California Raises Wages for Fast-Food Workers

Leah Shepherd By Leah Shepherd October 12, 2023

​A new California law means fast-food workers will be paid more and a new state entity will oversee working conditions in the industry.

On Sept. 28, Gov. Gavin Newsom signed AB 1228, which sets a $20 minimum wage for fast-food workers starting on April 1, 2024. The fast-food employee minimum wage will increase annually until 2029, based on the Consumer Price Index. The law applies to chains of limited-service restaurants consisting of more than 60 establishments that share common branding, marketing and products.

As a result, "menu prices are going to have to increase, so it's going to hit the consumer almost immediately," said Alden Parker, an attorney with Fisher Phillips in Sacramento, Calif. Additionally, "the penalty for [an employee's] missed meal period goes up too, because that's tied to the minimum wage."

Some family-run restaurants could experience a labor shortage if bussers, prep cooks and hosts seek higher wages at fast-food chains, Parker noted.

The bill was recently amended to eliminate a provision that would have imposed joint-employer status on franchisers.
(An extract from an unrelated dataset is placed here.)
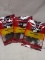 Lot of 3 Jack Links 1.25oz Bags of Teriyaki Beef Jerky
That step "preserves the franchise business model in the state and solidifies the best possible outcome for workers, local restaurant owners and brands," said Matt Haller, president of the International Franchise Association in Washington, D.C. "Common sense has prevailed."

Fast Food Council

The new law establishes the Fast Food Council, which can set an hourly minimum wage for fast-food restaurant employees and institute health, safety and employment standards for fast-food restaurants. 

This law repeals the state's Food Accountability and Standards Recovery Act, which would have increased the fast-food minimum wage to $22 per hour with annual increases thereafter. That law also would have "granted the Fast Food Council more expansive powers to regulate fast-food industry working conditions," said Christopher Olmsted, an attorney with Ogletree Deakins in San Diego.

Under the new law, the Fast Food Council will have nine voting members:

  • Two representatives of the fast-food restaurant industry.
  • Two representatives of fast-food restaurant franchisees or restaurant owners.
  • Two representatives of fast-food restaurant employees.
  • Two representatives of advocates for fast-food restaurant employees.
  • One unaffiliated member of the public who is not an owner, franchisee, officer or employee in the fast-food industry; who is not an employee or officer of a labor organization or a member of a labor organization representing fast-food restaurant employees; and who has not received income from the fast-food industry or any labor organization for a period of two years prior to appointment.

The council also will have two nonvoting members: one representative from the state Department of Industrial Relations and one representative from the Governor's Office of Business and Economic Development.

The council's purpose is to establish minimum standards on wages, working hours, training and other working conditions to maintain the health, safety and welfare of fast-food workers. The council will provide direction to and coordinate with state agencies. The council must convene its first meeting by March 15, 2024.

Under the law, "cities cannot have their own fast-food council, and cities and counties cannot have their own fast-food minimum wage," Parker said, but the state Fast Food Council can establish regional minimum wages that are higher than $20. "That's a real concern that we're going to be watching pretty closely."

The Fast Food Council cannot institute predictive scheduling, which would require employers to notify workers about their work schedule two weeks beforehand, Parker said.

The new law prohibits fast-food restaurant operators from firing, discriminating against or retaliating against any employee due to the employee's participation in or testimony to a proceeding convened by the Fast Food Council.